Below is an example of the new adjustment:
If you earn an annual taxable income of N$360 000 using the income tax tables to calculate your tax payable your tax bill:
Before the threshold adjustment
Tax = 59 000 +28% (360 000- 300 000) = N$75 800
As such, on a monthly basis ( N$ 75 800/12) one paid: N$ 6 316. 66
After the threshold adjustment
Tax = 59 000 +28% (360 000- 350 000) = N$61 800
As such, on a monthly basis ( N$ 61 800/12) one will now pay: N$ 5 150.00; leaving them with an extra N$ 1 166.66

How does the income tax changes affect you?
This means that the tax bill is now 18.5% lower with the new adjustment. This new adjustment will benefit all individual taxpayers by providing them with additional disposable income. However, do take note that the tax savings are different depending on which tax bracket you fall in.

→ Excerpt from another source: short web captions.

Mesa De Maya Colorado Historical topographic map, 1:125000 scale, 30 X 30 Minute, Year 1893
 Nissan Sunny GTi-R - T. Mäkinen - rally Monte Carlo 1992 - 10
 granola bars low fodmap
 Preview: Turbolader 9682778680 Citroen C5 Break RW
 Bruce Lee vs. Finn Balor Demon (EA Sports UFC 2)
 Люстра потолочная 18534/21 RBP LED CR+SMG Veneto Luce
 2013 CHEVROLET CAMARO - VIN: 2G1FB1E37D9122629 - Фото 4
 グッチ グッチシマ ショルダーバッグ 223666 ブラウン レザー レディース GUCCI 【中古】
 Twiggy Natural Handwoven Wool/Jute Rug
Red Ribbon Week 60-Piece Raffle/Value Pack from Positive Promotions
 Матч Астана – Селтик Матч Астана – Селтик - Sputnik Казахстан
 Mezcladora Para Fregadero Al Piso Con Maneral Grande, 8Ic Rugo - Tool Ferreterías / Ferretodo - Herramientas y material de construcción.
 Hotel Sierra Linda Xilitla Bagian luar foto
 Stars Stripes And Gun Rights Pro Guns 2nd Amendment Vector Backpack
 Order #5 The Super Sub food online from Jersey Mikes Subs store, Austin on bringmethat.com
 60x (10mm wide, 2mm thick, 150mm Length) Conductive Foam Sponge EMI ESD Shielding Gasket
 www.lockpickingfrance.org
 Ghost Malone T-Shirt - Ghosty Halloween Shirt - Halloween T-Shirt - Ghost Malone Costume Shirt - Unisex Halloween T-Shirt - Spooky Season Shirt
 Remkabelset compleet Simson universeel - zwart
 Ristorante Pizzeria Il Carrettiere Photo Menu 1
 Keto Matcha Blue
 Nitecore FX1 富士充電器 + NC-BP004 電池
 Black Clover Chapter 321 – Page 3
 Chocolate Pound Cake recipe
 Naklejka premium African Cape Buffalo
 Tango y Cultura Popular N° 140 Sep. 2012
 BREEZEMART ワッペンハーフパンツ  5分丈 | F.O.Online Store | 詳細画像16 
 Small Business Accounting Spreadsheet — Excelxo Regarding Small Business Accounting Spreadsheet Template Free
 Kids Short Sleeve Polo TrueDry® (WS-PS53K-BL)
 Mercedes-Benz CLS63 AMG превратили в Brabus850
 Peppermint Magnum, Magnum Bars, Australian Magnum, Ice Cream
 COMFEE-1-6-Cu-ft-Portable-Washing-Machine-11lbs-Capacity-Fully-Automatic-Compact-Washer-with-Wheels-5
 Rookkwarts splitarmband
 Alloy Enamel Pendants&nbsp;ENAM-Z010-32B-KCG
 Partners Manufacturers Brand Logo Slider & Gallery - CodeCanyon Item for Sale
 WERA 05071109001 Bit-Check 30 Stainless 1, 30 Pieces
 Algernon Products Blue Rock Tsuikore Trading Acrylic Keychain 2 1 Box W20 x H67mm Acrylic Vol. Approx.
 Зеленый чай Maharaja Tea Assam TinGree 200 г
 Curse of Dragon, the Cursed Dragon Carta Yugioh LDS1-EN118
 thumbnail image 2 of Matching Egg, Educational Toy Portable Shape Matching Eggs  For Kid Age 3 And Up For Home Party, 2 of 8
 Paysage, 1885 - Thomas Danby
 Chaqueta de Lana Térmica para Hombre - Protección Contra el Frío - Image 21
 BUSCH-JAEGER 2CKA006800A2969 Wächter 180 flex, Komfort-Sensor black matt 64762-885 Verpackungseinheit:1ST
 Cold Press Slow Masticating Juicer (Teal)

Here are some ways you can reduce your tax liabilities legally increasing your disposable income.
Last but not least by understanding the fundamentals of income tax, you can make informed financial decisions, fulfil your tax obligations, and contribute to the collective well-being of your community. And with this disposable income now available to you, maybe it is time to make some strategic investments and financial decisions.
This article does not constitute legal and/or financial advice. Kindly consult a registered financial or legal professional for appropriate advice on the subject matter.